Corbyn’s final rally in Birmingham on 6 June was graced by the appearance of a rainbow, arching high over the gathering who had braved rain and wind earlier in the day, while on the M6 motorway, a Conservative Party campaign van bearing the slogan "strong and stable" was blown off course and keeled over.

You couldn’t, as they say, invent this stuff and the Twitter feed didn’t miss a trick. Every slogan the Tories came up with backfired and became fuel for the Labour offensive. “Enough is enough”, Theresa May declared after the June 3 terror attack in Southwark — the second to disrupt the campaign. Within an hour, images appeared on Twitter showing police protesting against Theresa May’s cuts in 2012 under the banner 'Enough is enough'.

Having warned repeatedly of the dangers of the cuts, the police were heavily behind Corbyn and, in defiance of confident predictions from the pundits, Labour was coming out in front on national security.

Labour also took the ground from under the Conservative’s feet with their economic plan, backed in a public letter from 130 leading economists. Theresa May’s attempt to undermine it with a barb about Corbyn’s “magic money tree” became another own goal, as scores of tweets reported that the tree had been found in Tory tax havens in the Bahamas, the Caymans, Panama.

Shadow Chancellor John McDonnell had costed all Labour’s policies, which included restored police numbers, increased funding for the NHS, raising the minimum wage and a million new homes for low-income families.
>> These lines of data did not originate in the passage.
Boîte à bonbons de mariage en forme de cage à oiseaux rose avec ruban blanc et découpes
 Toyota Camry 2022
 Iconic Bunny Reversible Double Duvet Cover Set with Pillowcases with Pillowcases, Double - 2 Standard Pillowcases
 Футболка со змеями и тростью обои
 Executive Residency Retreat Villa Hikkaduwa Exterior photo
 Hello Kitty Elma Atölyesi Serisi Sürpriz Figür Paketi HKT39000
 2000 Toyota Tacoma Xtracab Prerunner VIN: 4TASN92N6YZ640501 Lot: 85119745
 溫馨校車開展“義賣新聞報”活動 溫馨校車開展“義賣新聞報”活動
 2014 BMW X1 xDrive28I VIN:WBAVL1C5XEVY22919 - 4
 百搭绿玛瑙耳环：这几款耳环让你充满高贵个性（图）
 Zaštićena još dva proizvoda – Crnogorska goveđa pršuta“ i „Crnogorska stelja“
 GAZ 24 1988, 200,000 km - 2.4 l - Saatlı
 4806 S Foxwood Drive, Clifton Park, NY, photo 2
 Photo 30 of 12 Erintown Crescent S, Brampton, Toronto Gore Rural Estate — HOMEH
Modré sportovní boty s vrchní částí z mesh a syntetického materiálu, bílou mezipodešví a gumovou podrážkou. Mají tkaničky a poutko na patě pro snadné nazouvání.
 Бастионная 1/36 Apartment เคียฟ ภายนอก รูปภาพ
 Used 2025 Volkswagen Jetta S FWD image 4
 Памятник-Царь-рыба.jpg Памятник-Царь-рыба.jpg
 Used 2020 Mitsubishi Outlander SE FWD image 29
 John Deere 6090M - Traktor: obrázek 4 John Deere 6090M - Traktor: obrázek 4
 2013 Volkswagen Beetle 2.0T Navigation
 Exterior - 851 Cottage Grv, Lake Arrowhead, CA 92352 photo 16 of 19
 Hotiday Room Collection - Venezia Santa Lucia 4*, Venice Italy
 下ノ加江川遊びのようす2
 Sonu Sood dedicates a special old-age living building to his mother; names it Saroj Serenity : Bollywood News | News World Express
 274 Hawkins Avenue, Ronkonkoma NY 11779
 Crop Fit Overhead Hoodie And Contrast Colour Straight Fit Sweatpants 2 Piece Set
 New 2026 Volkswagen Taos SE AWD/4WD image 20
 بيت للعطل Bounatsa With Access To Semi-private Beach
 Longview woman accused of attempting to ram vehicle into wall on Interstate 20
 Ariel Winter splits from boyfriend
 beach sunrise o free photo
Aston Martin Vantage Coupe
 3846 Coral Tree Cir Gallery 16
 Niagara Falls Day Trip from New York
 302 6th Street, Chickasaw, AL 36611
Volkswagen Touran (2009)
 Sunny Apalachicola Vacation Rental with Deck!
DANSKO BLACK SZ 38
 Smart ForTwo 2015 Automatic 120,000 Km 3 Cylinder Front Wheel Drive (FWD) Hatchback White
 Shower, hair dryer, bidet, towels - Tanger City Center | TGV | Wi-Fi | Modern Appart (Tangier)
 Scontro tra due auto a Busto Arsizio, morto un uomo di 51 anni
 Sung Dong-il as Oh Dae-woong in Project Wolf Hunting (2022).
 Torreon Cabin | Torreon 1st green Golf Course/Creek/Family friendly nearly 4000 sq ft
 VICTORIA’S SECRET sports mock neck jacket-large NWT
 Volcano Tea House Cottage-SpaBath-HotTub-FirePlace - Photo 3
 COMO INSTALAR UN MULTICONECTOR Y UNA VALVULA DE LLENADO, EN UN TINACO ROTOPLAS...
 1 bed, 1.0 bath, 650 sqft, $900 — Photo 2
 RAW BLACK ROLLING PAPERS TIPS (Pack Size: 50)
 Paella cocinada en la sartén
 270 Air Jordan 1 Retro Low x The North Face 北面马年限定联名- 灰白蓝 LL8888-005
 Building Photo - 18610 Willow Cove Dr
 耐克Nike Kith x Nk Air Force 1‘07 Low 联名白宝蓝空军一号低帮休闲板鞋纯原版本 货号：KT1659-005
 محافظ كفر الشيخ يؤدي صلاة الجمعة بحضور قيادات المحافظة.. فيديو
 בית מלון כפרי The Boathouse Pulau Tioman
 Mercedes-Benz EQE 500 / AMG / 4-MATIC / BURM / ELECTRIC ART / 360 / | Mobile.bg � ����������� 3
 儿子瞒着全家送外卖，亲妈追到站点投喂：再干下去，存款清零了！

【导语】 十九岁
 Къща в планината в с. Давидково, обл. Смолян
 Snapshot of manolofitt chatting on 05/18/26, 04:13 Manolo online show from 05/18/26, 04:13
Just as the Tories started trying to make headway with the “magic money tree” slogan, memes went viral on social media, showing the tree with policies and costings on its branches, together with examples of Tory profligacy that could be pruned.

We all know "it’s the economy, stupid", but Corbyn Labour finally got across the message that there is nothing to be gained from a stupid economy. Trickle-down economics is a fantasy. Austerity brings no gain or compensation of any kind. It is the cul-de-sac of neoliberalism and, if 40% of the British people didn’t want to vote themselves into it, why should anyone be surprised? The real puzzler is why 42% of them did. If a few interviewers had the wit to ask that question, they might at least provoke some more intelligent and relevant speculation.

The Twitter storm had to cut through a toxic cloud of propaganda and it was making rapid headway. Another couple of weeks, as Macdonnell claims, and Corbyn might have claimed victory. The British public has been subject to decades of brainwashing. From the Thatcher years onwards, the Murdoch press spearheaded a whole culture of distorted perspectives, vilification and news fiction.

Perhaps seven weeks just wasn’t long enough to get the wake-up call across the nation.